The mentality of the Zhirakh is easily described as “mindless” but Asha stories also discuss the dark, twisted cleverness of the bugs. While often battled physically, they usually trick or dupe those they encounter into becoming part of their meal, and are viewed by some as metaphors for internal, dark and wild instincts; all the same, it is true that in all stories they have only a single want: to feed. Their consumption of food is largely relegated to crops, from varieties of grain to the leaves and tops of subterranean plants, however, they are also explicitly mentioned as eating anything within the vegetation, be that birds, mammals, or Asha. In spite of this, they never eat processed grains or the products of slaughtered animals, seeking only raw produce to sate their hunger, though anything within that produce is fair game.
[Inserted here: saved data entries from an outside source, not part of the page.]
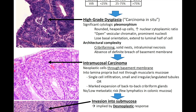In adenomas, by definition they are low-grade dysplasia, but you can have high-grade dysplasia or carcinoma in situ. In these cases you're going to have significant cytologic pleomorphism — rounded, heaped-up cells with an increased nuclear-to-cytoplasmic ratio, open vesicular chromatin with prominent nucleoli, and you're going to lose that basal orientation extending to the luminal half of the cell. In high-grade dysplasia you can also get architectural complexity such as cribriforming, solid nests, and intraluminal necrosis, with absence of definite breach of the basement membrane.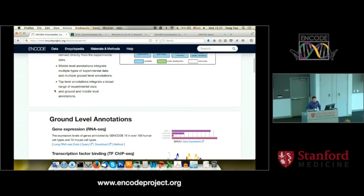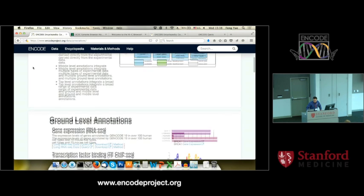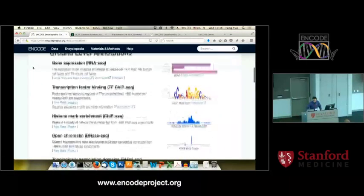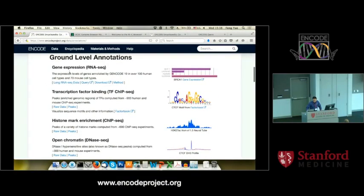I can guarantee you, if you are a student or a postdoc, the most asked question from your PI is: is this gene expressed in this tissue or cell type? Do you really want to download all the datasets from ENCODE to answer that question? Hopefully not, unless you're a big show-off. Go to the middle, ground-level gene expression. There's a link to query.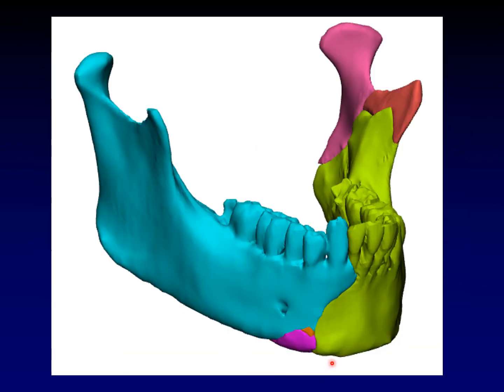A shout out to our 3D lab at UPMC that produces these for surgical planning on our fracture patients. Let's see what this one looks like.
They also have a hatred for the sun, and will always flee it, which is how a few, less grotesque Asha stories tell of their defeat at the hands of smart Asha children or heroes.
Territory and Groupings
The three Zhirakh each live in a “pit to darkness” within the deserts of the Ashal Islands. However, the details of these pits is very vague, with most believing them to represent either sinkholes or cavern entrances, instead of a uniform “tunneled’ nest for the insect beings. The Zhirakh have never grouped together, though some Asha stories tell of the disaster that will come should the Zhirakh ever do so.
- Some believe that the Zhirakh represent a Race of insect-people rendered extinct by the Allorn Empire centuries ago, being demonized by the Asha by their alien appearance. However, Ailor stories of ancient times make no reference to such beasts.
- The last report of a Zhirakh was in 293 AC, by Asha Hemat Clade farmers of Therasu. When they heard the approaching beats of insect wings, the entire family dove and then hid in the nearby river for nearly an hour, emerging to find half of their field gone. What was odd is that it was the middle of the day, leading them to claim that the Zhirakh must have sent their insect swarm after their crops instead of coming itself.
- Some Ailor scholars arrogantly view the Zhirakh as a purely fictional creature, both to keep Asha children inside and out of trouble at night, as well as warming farmers to harvest quickly once their crop was bountiful. Still, many believe the creature to exist despite never having been seen by Ailor, Nelfin, or any Humans at all in centuries.